A camera, as understood here, may include: an objective, an objective holder with a reception opening into which the objective is inserted, an image sensor—also referred to as camera chip —, wherein image sensor and objective are arranged relative to one another, or may be arranged relative to one another, in such a way that an image is imageable on the image sensor in focus. Amongst others, the following may be used as a camera or camera chip: a CMOS, a CCD, a range imaging camera (depth measurement with time of flight), a photodiode array, focal plane arrays, a thermocam, multispectral sensors. The image sensor is contacted in an electrically conductive manner, e.g. using a printed circuit board, also referred to as circuit board or PCB, such that the electrical signals which are produced by incident light in the image sensor are forwarded onto the printed circuit board. The electrical signals may then be processed by evaluation electronics which are for instance situated on the printed circuit board or which constitute a unit electrically connected thereto or a unit which is connected by means of other signal transferring devices.
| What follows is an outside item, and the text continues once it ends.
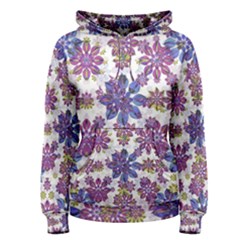 Stylized Floral Ornate Women s Pullover Hoodie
Further, the term objective is used here within the meaning of this being understood as one or more objective lenses, or else a hollow body which, as a rule, is embodied as a tube in which objective lenses are arranged. Here, focusing may be carried out by repositioning the lenses or by twisting or displacing the tube, with the lenses situated therein, in the objective holder. Depending on requirements, one or more spectral filters or apertures may also be provided in the optical path of the camera system, i.e., for example, attached in the tube or on the camera chip. The camera system may be designed to image wavelengths in the visible range, but also in the near and far infrared wavelength range.
Metrological camera systems of the type described above are often constituents of relatively high-quality photo cameras and then, as a rule, also have a variable focus. In a simple embodiment of such a camera system, a focusing device ensures focus. Here, the objective thread is actuated in a motor-driven manner, rendering it possible to variably set the distance between the image sensor and the objective correspondingly as described above by twisting the objective in the objective holder, such that a sharp image can be produced on the image sensor over a broad range. The demands on camera systems, which are used in such photo cameras, in respect of the ability to calibrate or in respect of accuracies or tolerable aberrations which, for example, may also emerge from tremors or temperature variations, may, as a rule, be satisfied well using the currently available structures and technical components. However, if this relates to highest precision of image capture, such focusing devices often act as sources of errors on account of their many parts that are movable in relation to one another.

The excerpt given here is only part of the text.